| Directions for this task |
Copy the line with "Kia Sportage 2022" and all lines following it through the last line of the entries, exactly as written.

| Extracted entries |
........

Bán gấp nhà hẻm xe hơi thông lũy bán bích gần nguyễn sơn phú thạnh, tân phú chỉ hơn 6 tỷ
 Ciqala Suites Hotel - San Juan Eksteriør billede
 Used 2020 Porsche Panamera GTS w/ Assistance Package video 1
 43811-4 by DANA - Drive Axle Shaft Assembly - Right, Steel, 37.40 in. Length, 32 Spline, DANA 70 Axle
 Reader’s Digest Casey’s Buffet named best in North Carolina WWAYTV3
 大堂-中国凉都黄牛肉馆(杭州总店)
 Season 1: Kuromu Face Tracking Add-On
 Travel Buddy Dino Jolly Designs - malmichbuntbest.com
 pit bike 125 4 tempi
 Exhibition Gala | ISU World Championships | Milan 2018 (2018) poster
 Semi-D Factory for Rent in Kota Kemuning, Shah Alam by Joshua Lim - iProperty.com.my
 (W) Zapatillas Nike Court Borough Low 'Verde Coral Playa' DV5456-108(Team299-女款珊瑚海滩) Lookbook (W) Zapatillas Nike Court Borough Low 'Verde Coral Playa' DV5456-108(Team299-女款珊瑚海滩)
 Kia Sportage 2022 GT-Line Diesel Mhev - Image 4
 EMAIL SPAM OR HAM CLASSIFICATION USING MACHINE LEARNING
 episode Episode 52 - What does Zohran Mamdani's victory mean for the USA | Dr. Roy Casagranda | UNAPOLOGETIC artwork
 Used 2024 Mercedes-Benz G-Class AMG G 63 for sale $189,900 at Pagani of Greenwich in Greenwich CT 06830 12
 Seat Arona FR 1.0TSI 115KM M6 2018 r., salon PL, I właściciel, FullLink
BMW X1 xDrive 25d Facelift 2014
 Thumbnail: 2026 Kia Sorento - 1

........

| Response to the exercise |
 Kia Sportage 2022 GT-Line Diesel Mhev - Image 4
 EMAIL SPAM OR HAM CLASSIFICATION USING MACHINE LEARNING
 episode Episode 52 - What does Zohran Mamdani's victory mean for the USA | Dr. Roy Casagranda | UNAPOLOGETIC artwork
 Used 2024 Mercedes-Benz G-Class AMG G 63 for sale $189,900 at Pagani of Greenwich in Greenwich CT 06830 12
 Seat Arona FR 1.0TSI 115KM M6 2018 r., salon PL, I właściciel, FullLink
BMW X1 xDrive 25d Facelift 2014
 Thumbnail: 2026 Kia Sorento - 1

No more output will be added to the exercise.